The Truth about Arvind Kejriwal
I'm not particularly fond of Arvind Kejriwal, but I have to give the devil his due. For starters, he's got everyone in the nation (corrupt people included) talking passionately about how corruption must be eradicated. I think that's absolutely fantastic, even though I do not approve of Kejriwal's flawed Jan Lokpal Bill or his shockingly dictatorial and undemocratic methods.
Kejriwal has other sterling qualities as well that have gone largely unnoticed, so I'd like to draw your attention to them:
He's a magnificent con man: Way better than some of the brazen characters Leonardo DiCaprio frequently plays on screen. He fooled us beautifully by calling his movement India Against Corruption, when it really should be called India Against Secularism. Some of us suspected this for a long time – and we have to thank the RSS (god bless their bigoted souls) for confirming our worst fears in public.
Along the way we discovered that several people associated with the movement belonged to a group called Friends of the BJP, my my! Eventually, Kejriwal let the cat out of the bag himself by exhorting people not to vote for the Congress in Hisar, since there were so many other delightfully corrupt politicians from other parties to choose from. Pay no heed to Kejriwal's indignant squeaks of protest and denial. If we all had noses like Pinocchio that grew by inches every time we lied, Kejriwal's would be longer than Mount Everest. Though less scenic, mind you.
He deserves full marks for creativity: Instead of getting a cute baby elephant or tiger cub as the mascot for his pan-India movement, he thought out of the box and got a doddering old man. Such a relief to move away from India's predictable Appus and Sheroos to an Anna, isn't it? Even better, Kejriwal declared that his mascot is above the Indian Constitution. Terrific – he's made him so much more magical than a fairy tale character!
He makes Sonia Gandhi look timid: Kejriwal is not a man to be trifled with, make no mistake. First, he forced his mascot to stop eating for days on end to twist the government's already bruised arm.

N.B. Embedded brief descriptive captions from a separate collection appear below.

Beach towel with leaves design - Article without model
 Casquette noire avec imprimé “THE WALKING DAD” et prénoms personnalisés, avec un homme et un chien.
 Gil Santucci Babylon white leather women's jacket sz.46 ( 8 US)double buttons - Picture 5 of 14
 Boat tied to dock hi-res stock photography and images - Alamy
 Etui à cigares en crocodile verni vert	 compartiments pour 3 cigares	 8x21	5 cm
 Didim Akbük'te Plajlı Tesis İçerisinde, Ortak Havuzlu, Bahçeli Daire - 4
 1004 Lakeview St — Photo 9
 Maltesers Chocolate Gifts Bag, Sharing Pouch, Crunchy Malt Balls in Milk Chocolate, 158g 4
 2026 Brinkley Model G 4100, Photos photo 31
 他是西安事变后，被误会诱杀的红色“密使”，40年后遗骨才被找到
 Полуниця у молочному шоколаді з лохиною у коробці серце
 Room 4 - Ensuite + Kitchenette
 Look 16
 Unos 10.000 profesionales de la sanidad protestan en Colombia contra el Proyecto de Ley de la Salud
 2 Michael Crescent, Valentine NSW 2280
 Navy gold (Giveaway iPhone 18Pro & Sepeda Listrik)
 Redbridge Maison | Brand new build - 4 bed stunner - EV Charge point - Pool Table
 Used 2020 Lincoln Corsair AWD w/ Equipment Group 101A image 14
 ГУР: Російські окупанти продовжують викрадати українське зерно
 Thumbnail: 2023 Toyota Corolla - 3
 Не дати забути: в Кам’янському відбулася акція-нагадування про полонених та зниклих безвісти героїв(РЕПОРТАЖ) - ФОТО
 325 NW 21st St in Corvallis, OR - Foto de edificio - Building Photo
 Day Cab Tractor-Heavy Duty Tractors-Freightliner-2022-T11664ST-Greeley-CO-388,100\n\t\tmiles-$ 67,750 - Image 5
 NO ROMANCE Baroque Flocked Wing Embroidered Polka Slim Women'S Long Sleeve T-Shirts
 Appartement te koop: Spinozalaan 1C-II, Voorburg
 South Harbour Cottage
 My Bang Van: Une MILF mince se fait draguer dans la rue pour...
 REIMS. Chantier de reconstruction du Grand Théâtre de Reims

And now that his mascot keeps making embarrassing statements, he's ordered him to stop talking altogether (of course, Kejriwal has made it all fancy and honourable by calling it a maun vrat). And we call our prime minister Mrs Gandhi's puppet? Hah. I would really love to see Kejriwal in a remake of that fabulous Charlie Chaplin film: The Great Dictator. He would fit the hero's role so well, down to his bristly little moustache.
He can spend hours with Kiran Bedi: Anyone who has witnessed Ms Bedi's insanely wild side at Ramlila Ground will understand just how much strength of character it would take to willingly spend even one second with her. Gosh, my poor dog whimpers and races out of the room when he sees her on TV these days. What I want to know is, where is that ghoongat Ms Bedi was horsing around with on the Ramlila stage? She needs it desperately, now that details of her grossly inflated airline bills to NGOs have emerged. And she has the cheek to say that she was just being a do-gooder by putting that money in her NGO! Hmm. Pinching money from other do-gooders to make her own NGO better than theirs, huh? Now that's a very interesting lesson in ethics for India's youth.
He is already being treated like a politician: Sure, it was only a humble slipper someone hurled at Kejriwal, and not a sophisticated shoe, but hey – many people dislike him already – that's definitely a move in the right direction!
He can turn Rakhi Sawant into a superstar: Kejriwal's PR skills are amazing. Look how he's got all the major news channels eating out of his hands; okay, we know that most of the news anchors are idiots, but even so. And ever noticed how quickly he reacts to the mood on social networking sites and tries to swing it back to his favour? I'm dead certain that if he handled Rakhi Sawant's career, she would outshine Bollywood A-listers and earn much more than them.
Honestly, someday I'd like to meet Arvind Kejriwal, shake his hand warmly, and tell him what I really think of him.